Top of INPUT

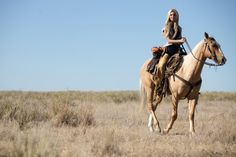 a woman riding on the back of a brown horse across a dry grass covered field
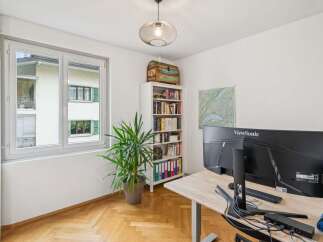 This home office features a large window offering natural light, a tall white bookshelf filled with books and binders, and a modern desk with dual monitors.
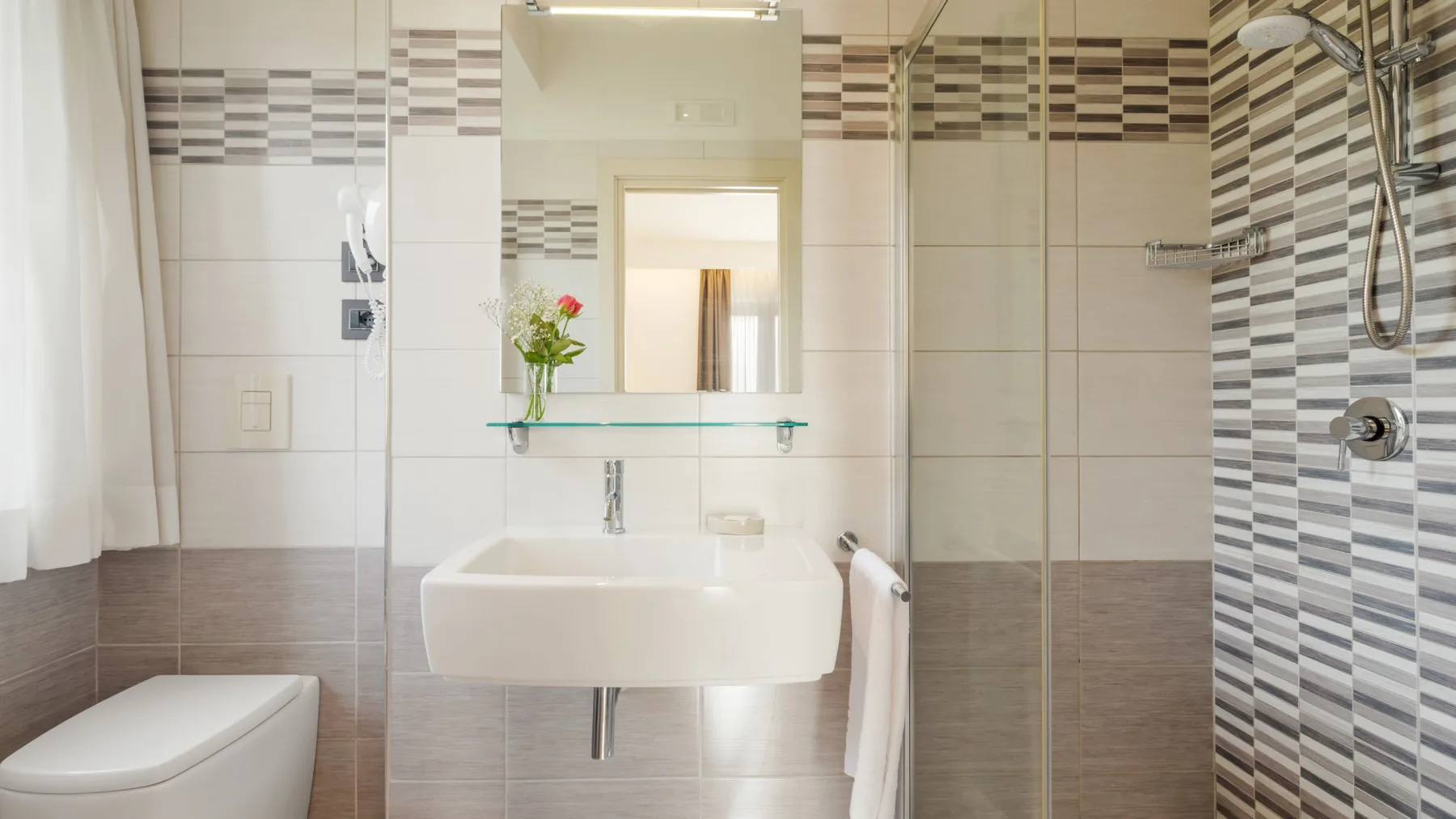 A tiled bathroom with a sink, mirror, toilet, and shower.
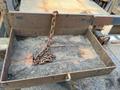 A rusty metal tray with a chain lying inside it and covered in dirt and debris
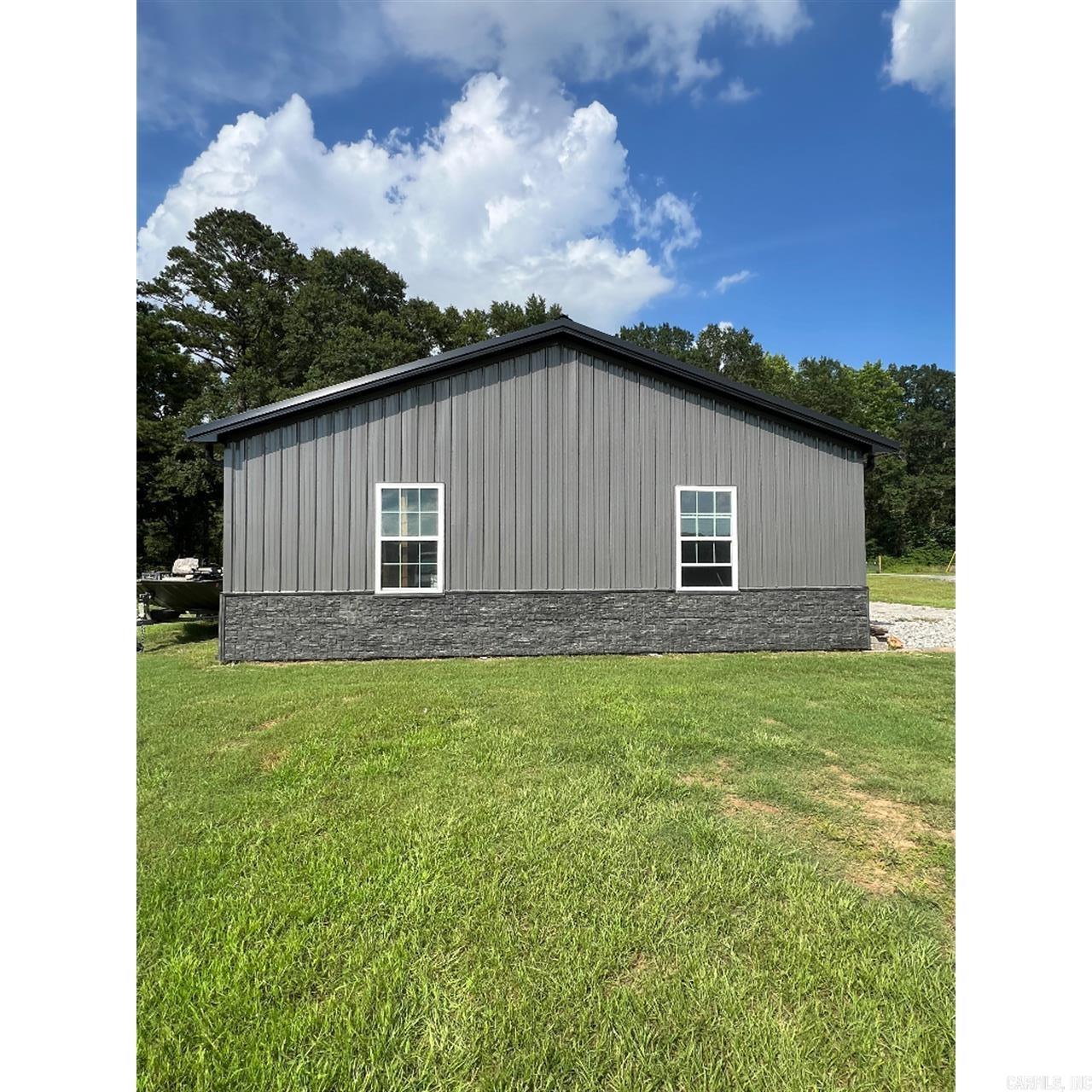 This 1.36 acre property on the Little Red River near Ramsey Landing has 206 ft of easily accessed river frontage. The house is 1 bed/1bath with an additional sleeping loft, separate laundry room, and an outdoor shower. All appliances are less than 2 years old and will convey. Make the living quarters your permanent home or use it temporarily while building a house overlooking the water. In addition to the living quarters, the adjacent shop/garage has 1000sq ft of very nice work/storage space.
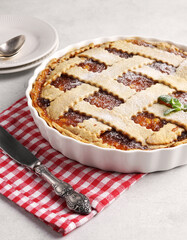 Homemade apple pie with apple jam on red napkin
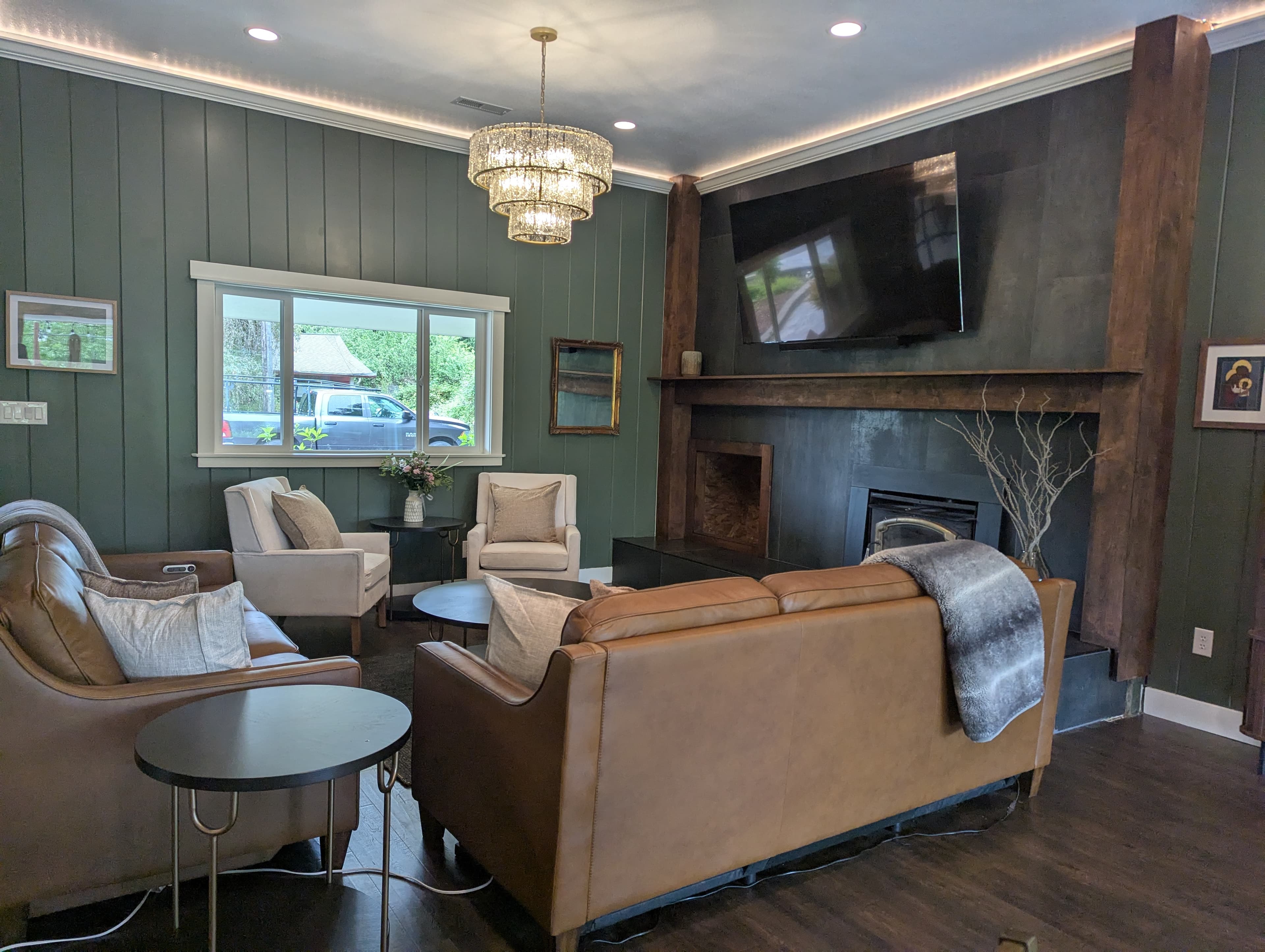 Living room remodel with green shiplap walls and custom fireplace surround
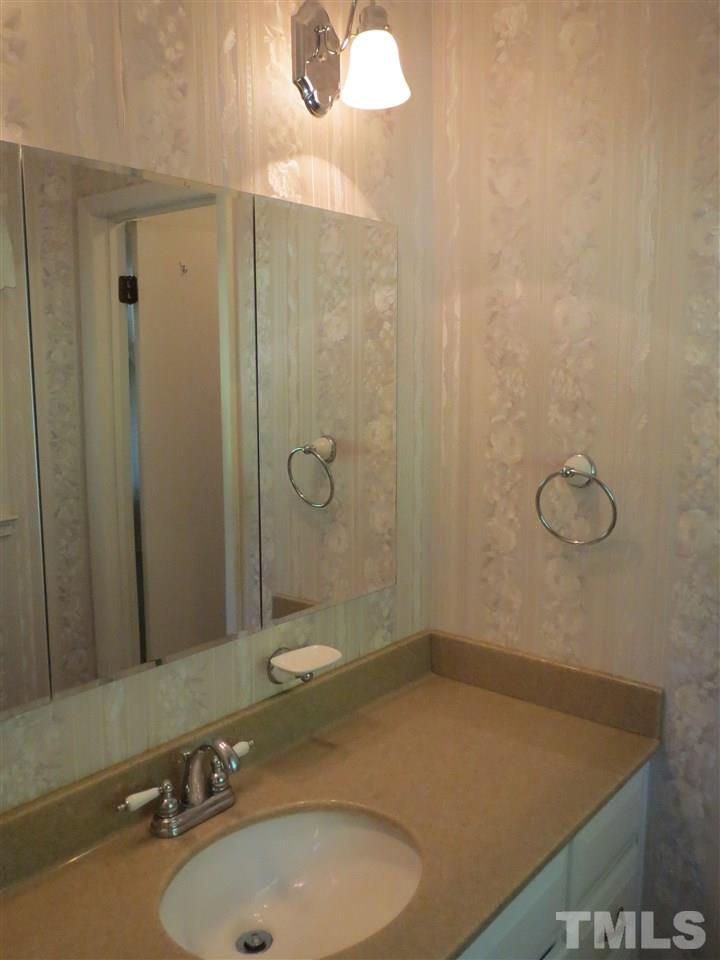 5306 Pelham Road Durham, NC 27713 - Photo 14 of 25 a bathroom with a sink a toilet and shower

Bottom of INPUT

PROBLEM DETAILS: Return the material word for word. Pictures are not part of the copy.

YOUR RESPONSE:
 a woman riding on the back of a brown horse across a dry grass covered field
 This home office features a large window offering natural light, a tall white bookshelf filled with books and binders, and a modern desk with dual monitors.
 A tiled bathroom with a sink, mirror, toilet, and shower.
 A rusty metal tray with a chain lying inside it and covered in dirt and debris
 This 1.36 acre property on the Little Red River near Ramsey Landing has 206 ft of easily accessed river frontage. The house is 1 bed/1bath with an additional sleeping loft, separate laundry room, and an outdoor shower. All appliances are less than 2 years old and will convey. Make the living quarters your permanent home or use it temporarily while building a house overlooking the water. In addition to the living quarters, the adjacent shop/garage has 1000sq ft of very nice work/storage space.
 Homemade apple pie with apple jam on red napkin
 Living room remodel with green shiplap walls and custom fireplace surround
 5306 Pelham Road Durham, NC 27713 - Photo 14 of 25 a bathroom with a sink a toilet and shower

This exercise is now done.